The use of smart technologies in the rulemaking process will ensure the transparency and stability of legal acts.
As President Nursultan Nazarbayev noted in his state-of-the-nation address, the development of the digital industry will provide an impetus to all other sectors. The Decree No. 827 of the Kazakh Government dated Dec. 12, 2017, approved the Digital Kazakhstan State Programme for 2018-2022, and paragraph 61 provides for the creation and implementation of the “E-Legislation” information system.
The Ministry of Justice of Kazakhstan plans to carry out a complex of reforms in 2018-2019 to introduce this information system and revise the law-making processes in general. The system will be introduced in all central governmental agencies and an accreditation will be needed to access it. Now the design has been completed, and the implementation will take place in five stages.
In the end, we want to get an artificial intelligence, which will recognise information and produce results. And this will affect all spheres, be it marriage and family, education or something else.
Today, each governmental body conducts an analysis of existing legislation on its own; we do not yet have the resources to see the whole picture of the existing problems, although, for sure, we should strive for this. Plus, we will study comments and articles on the internet, including the negative ones.
The system will be fully focused on the electronic support for drafting laws at all stages (from discussing the concept of the bill to signing it), improving the quality of the law-making process, reducing time for drafting and discussing draft laws and providing online background information on the status of the plan of the legislative work. In addition, the system’s “duties” will include ensuring an effective mechanism for inter-agency and inter-state cooperation, identifying problems in legislation and law enforcement, involving the public and improving the institution of trust.

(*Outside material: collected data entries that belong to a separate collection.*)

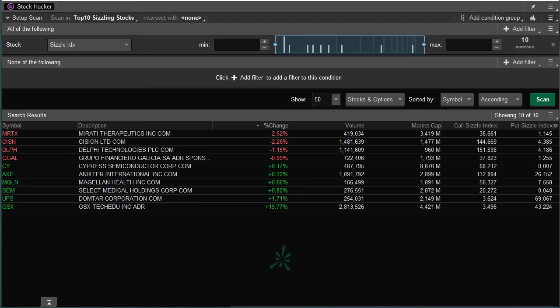Hey guys, Jonathan Rose, owner, Masters in Trading. So, playing around today with the TOS Thinkorswim Sizzle Index.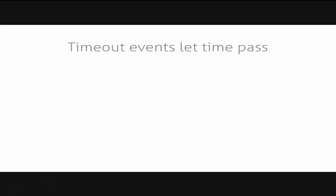SimPy has several event types. The most important event type for simulations is the timeout event because it lets time pass. Here's an example for a conference speaker which will hold a talk at a certain point in time. It starts by yielding a timeout to wait until we start off the talk and then it will yield another timeout event after 30 minutes to indicate the end of her talk. This is really the basic event type in SimPy.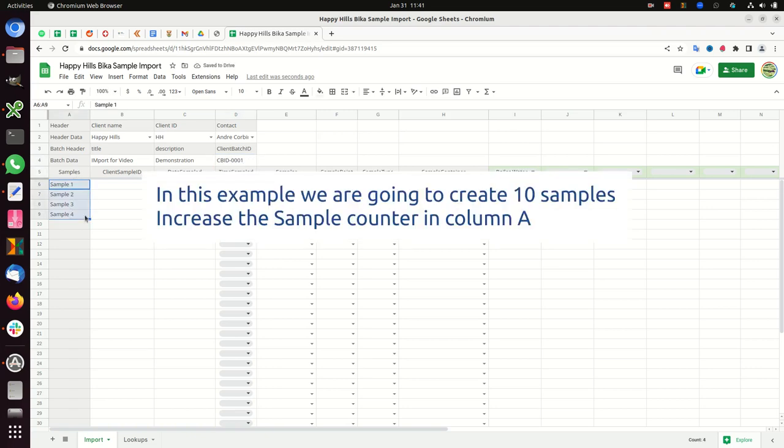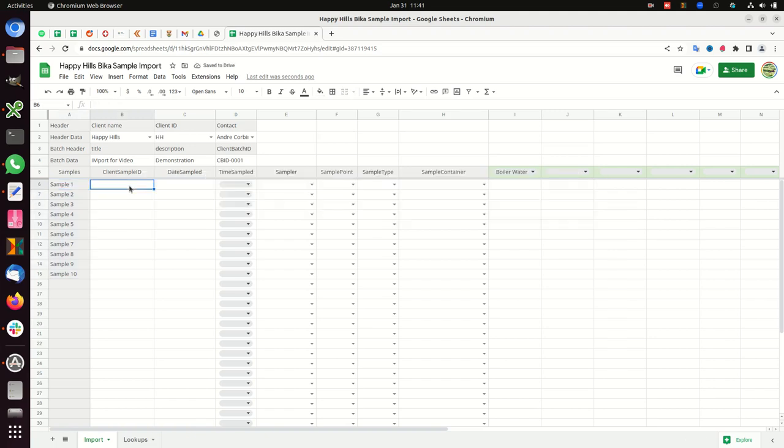In this example, we are going to create 10 samples. Increase the sample counter in column A, capture the client's sample IDs.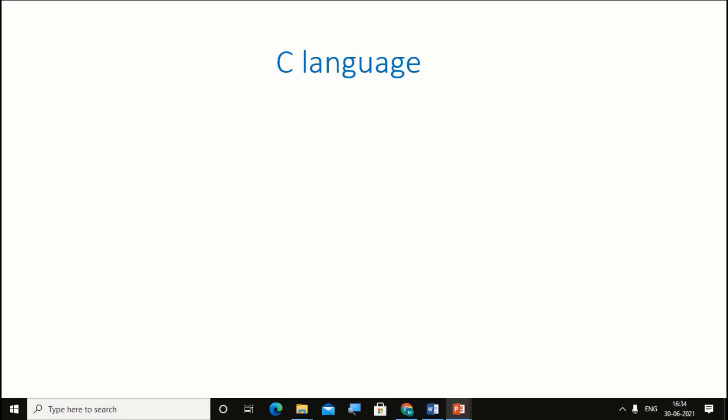Hello, happy and smart developers, welcome to the coding code. Today we have started C language. This is session 1 of C language. So let's begin the session.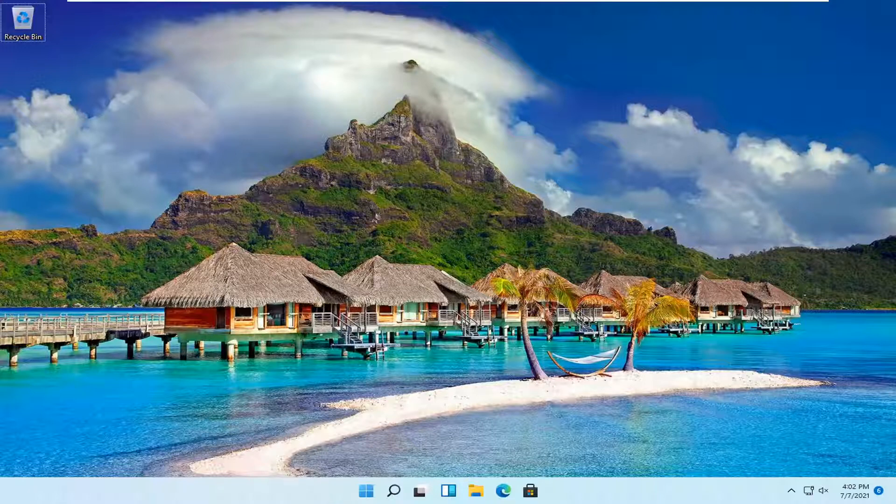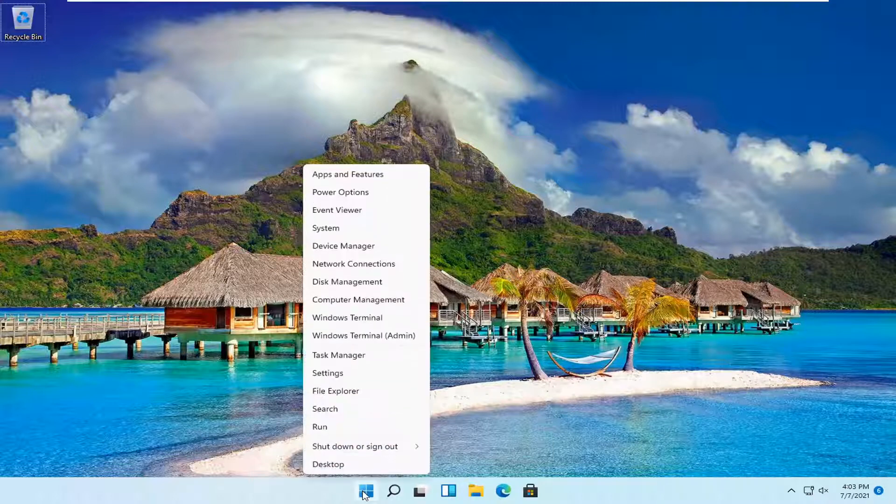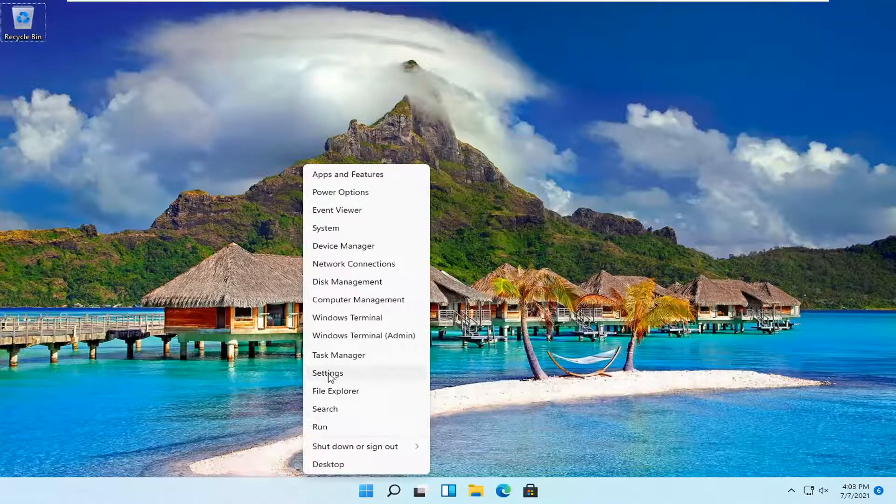I'm going to show you guys how to do it, and we're going to jump straight into it. Start by right-clicking on the Windows Start button, and then select Settings.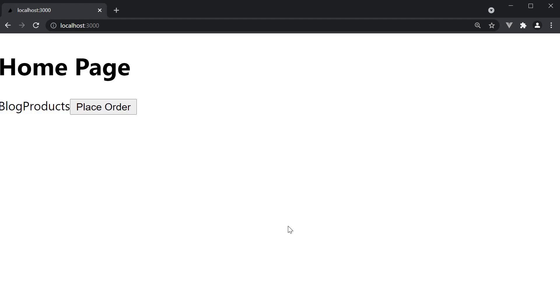Alright, in this video, let's take a look at the last concept under Routing, which is defining a custom 404 page.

The main purpose of developing the information system is to conduct a comprehensive analysis of the legislative spheres and optimise the law-making processes, which in the future should ensure stability in law-making. All this will be achieved through a consistent implementation of several tasks at once.
First, it is necessary to categorise legislation by industry in order to conduct analysis, regardless of the level of an act. The current legal monitoring system, which is focused on the analysis of each act in isolation from others, does not allow conducting this analysis.
Secondly, a digital mass of information will be formed around the already existing branches of legislation, the so-called “Knowledge Base” will be produced, which will include citizens’ applications, statistical and other data received from information systems of governmental bodies, judicial practice, scientific literature, expert group conclusions, analytical information, including from news agencies and social networks. This collection of comprehensive information will enable governmental bodies to analyse legislation in accordance with law enforcement and judicial practice.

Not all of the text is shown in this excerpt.